What is a Lagrangian submanifold intuitively?
I want to answer the question "why should I care about Lagrangians" by showing how they arise when you try to answer a very natural question which in some sense lies at the heart of classical mechanics.
Suppose we consider some physical system in which the possible configurations correspond to points in a manifold $M$. Given two points $p, q \in M$ a natural question is to ask, is there some initial momentum one can select at $p$ under which after 1 second the configuration will have evolved into the configuration $q$?

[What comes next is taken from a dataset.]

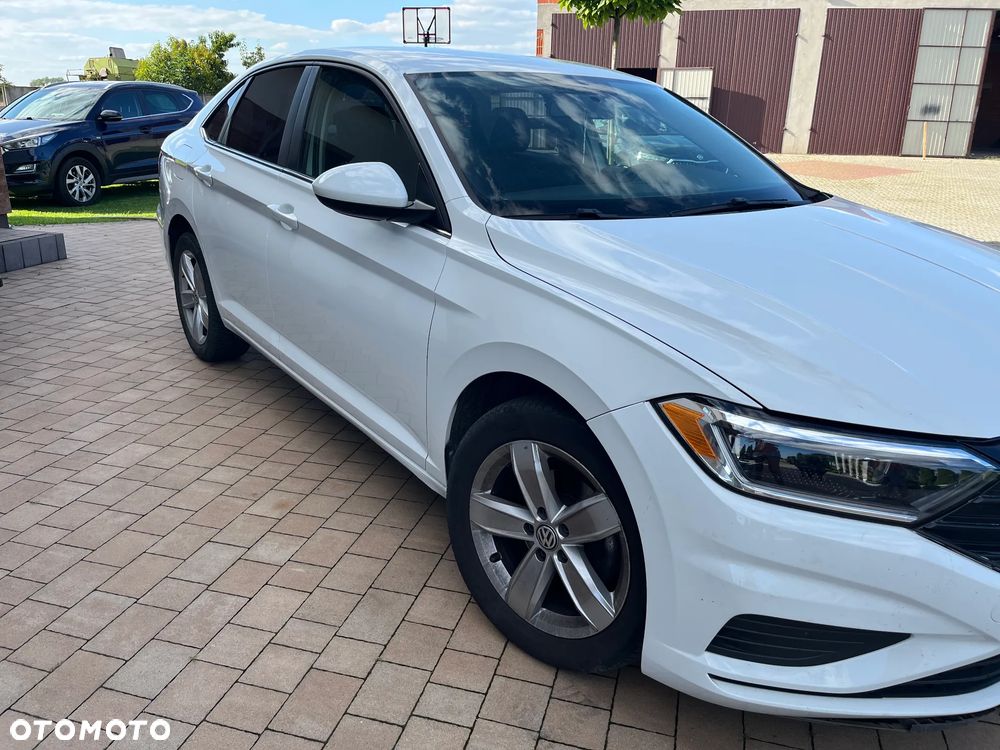 Volkswagen Jetta 1.4 TSI DSG BlueMotion Technology - 1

In the Hamiltonian formulation of classical mechanics, the position and momentum of a system is described by the points of the cotangent bundle $T^*M$. This is a symplectic manifold in a natural way. The physics of the system are described by a so-called Hamiltonian function $H \colon T^*M \to \mathbb{R}$ and the evolution of the system is given by the flow of the Hamiltonian vector field $X_H$ associated to $H$. We can now rephrase our question as follows: is there a point $x$ in $T^*_pM$ such that the time-1 flow of $X_H$ starting at $x$ lies on the fibre $T^*_qM$? In other words, if I look at the image of $T^*_pM$ under the time-1 flow of $X_H$, does it intersect $T^*_qM$?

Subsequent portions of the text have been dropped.